From the Worldwide Faith News archives www.wfn.org
Theological Dialogues
From
owner-umethnews@ecunet.org (United Methodist News list)
Date
13 Oct 1997 15:08:33
Reply-to: owner-umethnews@ecunet.org (United Methodist News list)
"UNITED METHODIST DAILY NEWS 97" by SUSAN PEEK on April 15, 1997 at 14:24
Eastern, about DAILY NEWS RELEASES FROM UNITED METHODIST NEWS SERVICE (382
notes).
Note 380 by UMNS on Oct. 13, 1997 at 15:37 Eastern (2557 characters).
CONTACT: Linda Bloom 568(10-21-71B){380}
New York (212) 870-3803 Oct. 13, 1997
Dialogue will address
theological tensions
DAYTONA BEACH, Fla. (UMNS) -- In an attempt to address theological tensions
within the United Methodist Church, the denomination's Commission on Christian
Unity and Interreligious Concerns is initiating a two-part dialogue between
those of differing perspectives.
Twenty invited participants, who are yet to be named publicly, will meet Nov.
20-21 in Nashville, Tenn., and then continue their conversations Feb. 19-20 in
Dallas.
John Stephens -- the dialogue facilitator and a professor of conflict
analysis and resolution for the Institute of Government, University of North
Carolina at Chapel Hill -- outlined the dialogue goals during the commission's
Oct. 9-12 meeting here.
Those goals are:
* to identify factors that have created and preserved the unity of the United
Methodist Church;
* to articulate and explain points of tension and difference that threaten to
undermine that unity;
* to identify necessary conditions that must be satisfied to sustain church
unity;
* to identify relevant actions that should be taken to maintain unity;
* to work toward an advisory action report for members, clergy and leaders,
especially district superintendents and bishops.
The Rev.
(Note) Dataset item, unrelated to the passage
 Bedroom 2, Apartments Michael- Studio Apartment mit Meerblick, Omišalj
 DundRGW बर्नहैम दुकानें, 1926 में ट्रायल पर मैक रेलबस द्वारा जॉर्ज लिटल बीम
Donald Messer -- president of Iliff School of Theology in Denver, a
commission member and part of a four-person design team for the dialogue --
said there has been "a very conscious effort to involve, at the very beginning
of the planning, people from so-called evangelical and liberal perspectives of
the church."
Other design team members are the Rev. Maxie Dunham, president of Asbury
Theological Seminary in Kentucky; the Rev. Billy Abraham of Perkins School of
Theology in Dallas and the Rev. Linda Thomas of Garrett-Evangelical
Theological Seminary in Evanston, Ill.
Messer said he had found "a high degree of interest and involvement and
commitment" toward the dialogue from people of varying theological
perspectives.
Although the discussions probably will begin by focusing on what brings
United Methodists together, "I can't imagine any topic that divides us,
[which] will not be addressed," he added.
He hopes the two dialogue sessions will be "intensely serious, but also
warmly fun."
According to Messer, the action report compiled after the dialogue may help
others replicate the process on the local or conference level.